PAVs between the A and B genomes of S. matsudana were initially identified by ppsPCP24 software, further verified by searching for PAV sequences in the reference genome, and finally confirmed by comparing the PAVs with queries. The results indicated that the number of PAV mutation-related genes in the A genome compared with the B genome was 19,841, while the number of PAV mutation-related genes in the B genome compared with the A genome was 12,246. GO enrichment analysis of the genes with PAVs between the A and B genomes suggested that the functions of these genes were consistent in rank between the A and B genomes in terms of biological process, cellular component, and molecular function (Supplementary Table S8 and Supplementary Fig. S5). For example, most of the genes with PAVs, i.e., 3693 in the A genome and 4231 in the B genome, were annotated as being associated with the metabolic process function in the biological process category, accounting for 54.28% and 55.66% of the total genes in the corresponding A and B genomes, respectively.
KEGG enrichment analysis of the genes with PAVs between the A and B genomes suggested that nine of the top ten significantly enriched pathways were different between the A and B genomes.

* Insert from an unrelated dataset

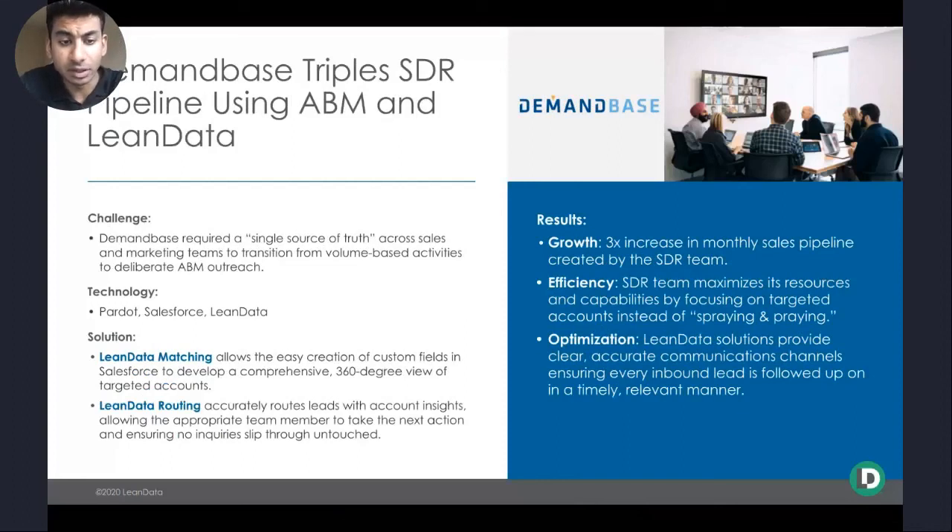For a company delivering a more ABM-style approach, Demandbase is a great example of using the same technology stack to triple their SDR pipeline with quality interactions. Originally, Demandbase was utilizing native solutions to deliver volume-based activities across sales and marketing teams — a spray-and-pray approach rather than a tailored ABM approach delivering the right content from marketing and the right follow-up from sales at the appropriate points in the customer journey. Lean Data's matching and routing, along with Pardot and Salesforce, enabled that go-to-market strategy, ensuring Demandbase knew exactly which people were coming in from companies defined in their ICP. The SDR team was ultimately able to focus on targeted, quality interactions and 3x their monthly sales pipeline. Lean Data, Pardot, and Salesforce together ensured that structure was in place.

The most enriched pathways were the pyruvate metabolic pathway, and the starch and sucrose metabolic pathway in the A and B genomes, with 40 and 100 genes annotated, respectively (Supplementary Fig. S6). Significant differences between the A and B genomes suggested their varying roles in regulating basal metabolism.
Genome differentiation of willow
A phylogenetic tree was constructed according to the single-copy protein sequences in the five tree species in Salicaceae and the differentiation time of Salicaceae13. The differentiation time of the two shrub willows was ~13.3 MYA, while the differentiation of the original species conferring the A and B genomes to S. matsudana started ~25.2 MYA (Supplementary Fig. S7).
Discussion
Ploidy analysis of willow chromosomes
Willows, the generic term for landscaping and energy tree species in Salicaceae, are variable in terms of chromosome ploidy, from 2n = 38 to 12n = 228 (refs. 8,9). Most shrub willows are diploid, with a genome size of ~400 Mb. For instance, the genome sizes of Salix triandra L. (ref. 25) and S. suchowensis Cheng13,26. are 386 and 425 Mb, respectively. Arbor willows are mainly allopolyploid10,11,12, with a genome size of >650 Mb. For example, the genome sizes of Salix babylonica L. (ref. 27) and Salix alba L. (ref. 25) are 748 and 807 Mb, respectively. S. matsudana is a tetraploid species28. A previous study by our group estimated that the genome size of S. matsudana was ~670 Mb by flow cytometry29. In this study, the genome size of this species was 656 Mb (Table 1), which was in accordance with the size in the previous study.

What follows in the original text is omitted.